I have bought some welding equipment for Rufino Caniz, the visiting professor from Guatemala. Tools of the trade.  I still need to get a welding bag and some other hand tools and a four inch hand grinder.  But he does have enough to start and I will get him a good welding jacket that fits, later on.  Rufino is at ICC to help with the development of the solar coffee bean dryer and to learn skills that he can take back to Guatemala and teach others.  I will be working with him and will be the person to do the introductions to the other instructors that he will take classes from.
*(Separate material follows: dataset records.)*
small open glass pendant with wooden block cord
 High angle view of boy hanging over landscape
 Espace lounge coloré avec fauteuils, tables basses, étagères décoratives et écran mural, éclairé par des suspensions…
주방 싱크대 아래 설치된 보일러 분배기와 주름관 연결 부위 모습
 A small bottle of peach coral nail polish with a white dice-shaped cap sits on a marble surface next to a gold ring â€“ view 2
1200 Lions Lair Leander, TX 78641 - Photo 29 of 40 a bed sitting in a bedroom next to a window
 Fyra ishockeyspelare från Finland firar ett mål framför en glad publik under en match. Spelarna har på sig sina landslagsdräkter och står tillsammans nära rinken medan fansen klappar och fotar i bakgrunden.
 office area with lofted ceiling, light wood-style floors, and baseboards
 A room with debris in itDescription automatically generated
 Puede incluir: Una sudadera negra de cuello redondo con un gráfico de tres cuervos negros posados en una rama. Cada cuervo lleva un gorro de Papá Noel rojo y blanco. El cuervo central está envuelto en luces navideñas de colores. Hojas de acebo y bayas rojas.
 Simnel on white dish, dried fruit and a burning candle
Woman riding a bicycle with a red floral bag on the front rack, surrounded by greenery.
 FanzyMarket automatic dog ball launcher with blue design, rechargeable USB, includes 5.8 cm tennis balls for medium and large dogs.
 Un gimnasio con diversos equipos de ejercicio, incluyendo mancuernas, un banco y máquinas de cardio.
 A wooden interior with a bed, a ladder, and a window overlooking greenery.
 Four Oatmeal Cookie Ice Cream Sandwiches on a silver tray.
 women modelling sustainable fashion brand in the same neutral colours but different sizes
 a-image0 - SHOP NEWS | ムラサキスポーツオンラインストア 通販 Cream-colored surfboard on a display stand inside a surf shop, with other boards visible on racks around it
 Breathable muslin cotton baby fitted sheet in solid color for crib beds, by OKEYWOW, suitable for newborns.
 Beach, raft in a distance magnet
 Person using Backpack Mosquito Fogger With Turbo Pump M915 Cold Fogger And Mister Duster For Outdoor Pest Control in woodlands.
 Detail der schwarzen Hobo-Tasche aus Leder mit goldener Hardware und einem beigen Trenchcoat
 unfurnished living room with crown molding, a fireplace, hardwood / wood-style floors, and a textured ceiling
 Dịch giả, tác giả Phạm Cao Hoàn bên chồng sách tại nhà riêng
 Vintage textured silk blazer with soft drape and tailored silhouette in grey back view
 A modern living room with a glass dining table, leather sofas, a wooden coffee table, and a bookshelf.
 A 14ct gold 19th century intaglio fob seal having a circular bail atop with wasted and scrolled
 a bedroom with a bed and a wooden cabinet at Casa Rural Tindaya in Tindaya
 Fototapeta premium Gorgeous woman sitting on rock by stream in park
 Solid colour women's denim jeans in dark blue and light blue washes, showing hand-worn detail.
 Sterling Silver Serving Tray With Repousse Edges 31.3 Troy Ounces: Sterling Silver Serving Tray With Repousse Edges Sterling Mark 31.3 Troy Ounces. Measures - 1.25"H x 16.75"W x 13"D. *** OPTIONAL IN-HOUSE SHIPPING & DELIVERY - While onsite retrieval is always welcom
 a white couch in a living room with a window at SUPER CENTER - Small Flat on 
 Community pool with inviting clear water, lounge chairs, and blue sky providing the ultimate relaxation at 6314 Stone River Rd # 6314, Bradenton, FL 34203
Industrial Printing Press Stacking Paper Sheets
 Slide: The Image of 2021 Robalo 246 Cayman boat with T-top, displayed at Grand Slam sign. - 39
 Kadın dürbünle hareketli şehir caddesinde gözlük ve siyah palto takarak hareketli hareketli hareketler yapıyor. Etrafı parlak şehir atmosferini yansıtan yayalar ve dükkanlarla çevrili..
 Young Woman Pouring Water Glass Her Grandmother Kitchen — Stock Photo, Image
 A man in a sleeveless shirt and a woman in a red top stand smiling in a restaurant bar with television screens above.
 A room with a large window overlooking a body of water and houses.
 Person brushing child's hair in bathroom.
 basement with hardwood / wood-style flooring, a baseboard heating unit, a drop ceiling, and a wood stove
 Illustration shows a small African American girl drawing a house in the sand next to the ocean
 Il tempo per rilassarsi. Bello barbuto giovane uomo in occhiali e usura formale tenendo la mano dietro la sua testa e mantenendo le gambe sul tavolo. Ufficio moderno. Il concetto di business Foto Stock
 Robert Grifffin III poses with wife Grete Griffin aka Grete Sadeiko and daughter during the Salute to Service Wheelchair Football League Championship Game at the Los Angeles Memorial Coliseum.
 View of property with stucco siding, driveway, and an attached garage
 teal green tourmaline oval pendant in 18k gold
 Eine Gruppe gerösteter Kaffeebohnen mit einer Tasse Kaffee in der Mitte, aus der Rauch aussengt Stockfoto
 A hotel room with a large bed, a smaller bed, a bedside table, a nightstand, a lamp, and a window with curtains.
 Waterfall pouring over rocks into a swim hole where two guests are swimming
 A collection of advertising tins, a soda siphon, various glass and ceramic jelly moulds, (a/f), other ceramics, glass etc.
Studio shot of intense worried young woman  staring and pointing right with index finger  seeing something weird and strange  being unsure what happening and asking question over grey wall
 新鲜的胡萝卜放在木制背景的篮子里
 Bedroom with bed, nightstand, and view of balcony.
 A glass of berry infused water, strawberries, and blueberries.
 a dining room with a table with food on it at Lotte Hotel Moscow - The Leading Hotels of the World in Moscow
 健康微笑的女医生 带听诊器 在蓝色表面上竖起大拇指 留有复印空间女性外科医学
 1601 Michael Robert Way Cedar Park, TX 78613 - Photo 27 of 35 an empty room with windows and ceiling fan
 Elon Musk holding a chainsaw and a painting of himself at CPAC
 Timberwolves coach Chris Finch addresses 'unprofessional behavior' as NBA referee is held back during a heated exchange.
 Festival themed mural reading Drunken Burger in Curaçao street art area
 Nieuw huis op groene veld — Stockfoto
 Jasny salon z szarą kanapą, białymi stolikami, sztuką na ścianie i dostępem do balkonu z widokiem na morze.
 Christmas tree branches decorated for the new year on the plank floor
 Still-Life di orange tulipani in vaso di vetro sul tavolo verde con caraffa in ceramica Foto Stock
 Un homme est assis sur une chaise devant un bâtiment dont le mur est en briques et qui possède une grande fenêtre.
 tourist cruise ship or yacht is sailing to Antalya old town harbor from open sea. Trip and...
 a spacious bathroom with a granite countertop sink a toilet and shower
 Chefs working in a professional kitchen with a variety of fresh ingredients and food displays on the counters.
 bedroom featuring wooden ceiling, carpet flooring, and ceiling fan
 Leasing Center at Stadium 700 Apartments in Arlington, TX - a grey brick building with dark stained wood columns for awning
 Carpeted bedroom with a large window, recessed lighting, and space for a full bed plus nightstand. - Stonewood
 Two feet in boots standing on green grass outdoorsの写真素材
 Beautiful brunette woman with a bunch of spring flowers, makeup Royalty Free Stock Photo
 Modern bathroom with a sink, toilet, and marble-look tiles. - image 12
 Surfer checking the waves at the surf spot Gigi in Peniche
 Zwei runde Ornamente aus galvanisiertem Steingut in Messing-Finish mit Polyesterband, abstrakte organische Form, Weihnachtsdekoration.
He should arrive on campus on Wednesday, probably for the faculty dinner.

Saturday, August 13, 2011

New blog first post

Since I will be working on the development of a solar coffee bean dryer for Guatemala, I decided to start a blog about the process.  I find writing a blog to be helpful to me to stay focused and to get things done.  As a friend of mine said to me in China when he wanted me to enter a beer drinking contest, "Do it for your blog."  I did and I won.  So I will be keeping track of what I am doing and what others are doing as we work towards our goal of trying to dry coffee beans in a more environmentally friendly way.  I am also going to try and post some of what I am doing on my QQ blog, so my Chinese students will know what I am doing and hopefully be able to practice their English skills.  The project is really international.

This project should be very interesting.  I have made several good contacts with instructors at Illinois Central College and we should have several working models to test this fall.  I have one just about done and will start on another very soon.  I hope to have some students that are interested in collecting data from the working models so we can have benchmark data to work with.  I will be taking two solar energy classes at ICC this fall semester and hope to learn a lot more about solar power.

I can always use some help on this project.  Feel free to volunteer.  Any help would be appreciated.  I could use ideas, information, the name of an organization to contact for funding, labor and just words of encouragement.  I will be able to be more specific as the weeks go by.  Right now we are just in the process of getting started and waiting for the fall semester to start so all the faculty are back on campus.   I plan to post pictures of the area and the people of Guatemala, our project, and the people involved so people can see what we are doing.  I also will post information about the different types of driers we are testing so people can see what we are doing, offer suggestions, or start on their own solar drier to see if they can do a better one.   Time to go to work.   I need to finish my mini-grant for ICC to see if I can get some type of funding.